R718 – La Route en Provence, 1890-1892 (FWN277)
Pavel Machotka
(Cliquer sur les images pour les agrandir)
Si la cohérence splendide des toiles de Cézanne doit sa force en partie au rythme de leur surface, ce rythme peut être créé ou bien par la touche, comme dans le remarquable Maisons en Provence (la vallée de Riaux près de l’Estaque), ou bien se trouver présenté par le site même, comme dans La Route en Provence. Dans ce dernier cas, il serait superflu, même nuisible, d’imposer un rythme secondaire du pinceau à ce qui faisait déjà la force du sujet.

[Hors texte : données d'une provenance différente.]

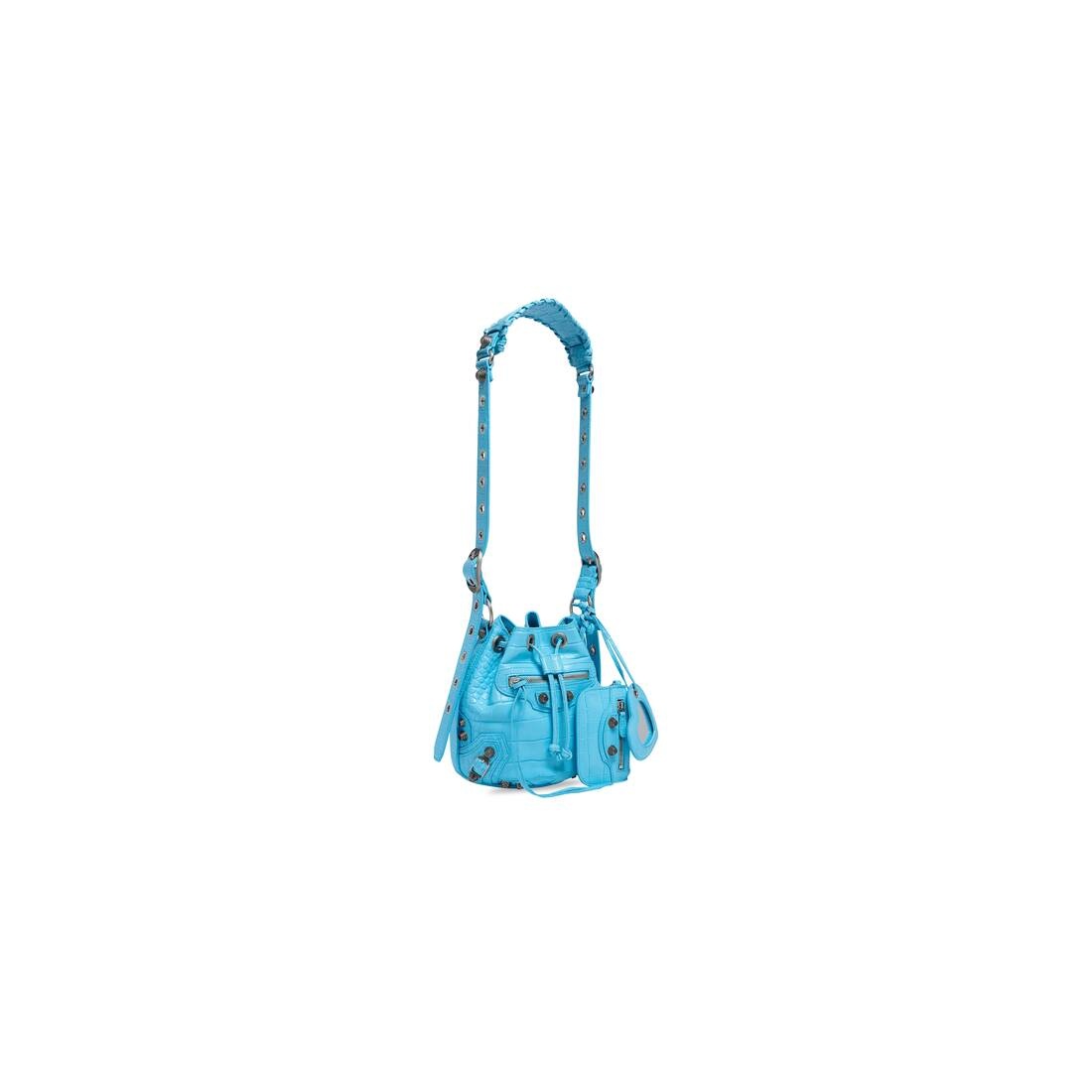 Women's Le Cagole Xs Bucket Bag Crocodile Embossed  in Blue Sky - 4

On peut supposer que l’élan pour peindre La Route était donné par les ombres des rochers bordant la route[1], qui à un certain moment, en fin d’après-midi, étaient parallèles aux failles des rochers de gauche ; une progression douce de lignes obliques traversait la surface de gauche à droite. Une maison dans le fond, et le bord d’un ou deux champs, portaient le rythme oblique dans le coteau. Ce rythme inscrit sur la toile, il n’y avait pas grand chose d’autre à ajouter que des touches simples, droites, pour représenter les rochers ; et dans les quelques arbres dispersés en bosquets au-dessus, Cézanne pouvait retourner à quelque chose comme la touche parallèle utilisée plus tôt. Ici, à la maîtrise de l’économie du tableau, au rendu naturel du paysage, il faudrait ajouter ce doux équilibre qu’il a respecté entre le tournant ascendant de la route et les courbes descendantes des collines – à ne pas parler de l’harmonie subtile entre les ombres grises et les et les ochres rouges.
Source: Machotka, Cézanne: La Sensation à l’oeuvre.
[1] Ceci est certainement la route est-ouest aux Lauves, au nord d’Aix, et Cézanne regarde le nord. On a beaucoup construit dans la région et, aujourd’hui, il n’y aucun espoir de retrouver le site que Cézanne a peint ; si ce groupe de rochers existe toujours, il est vraisemblablement intégré dans les constructions environnantes.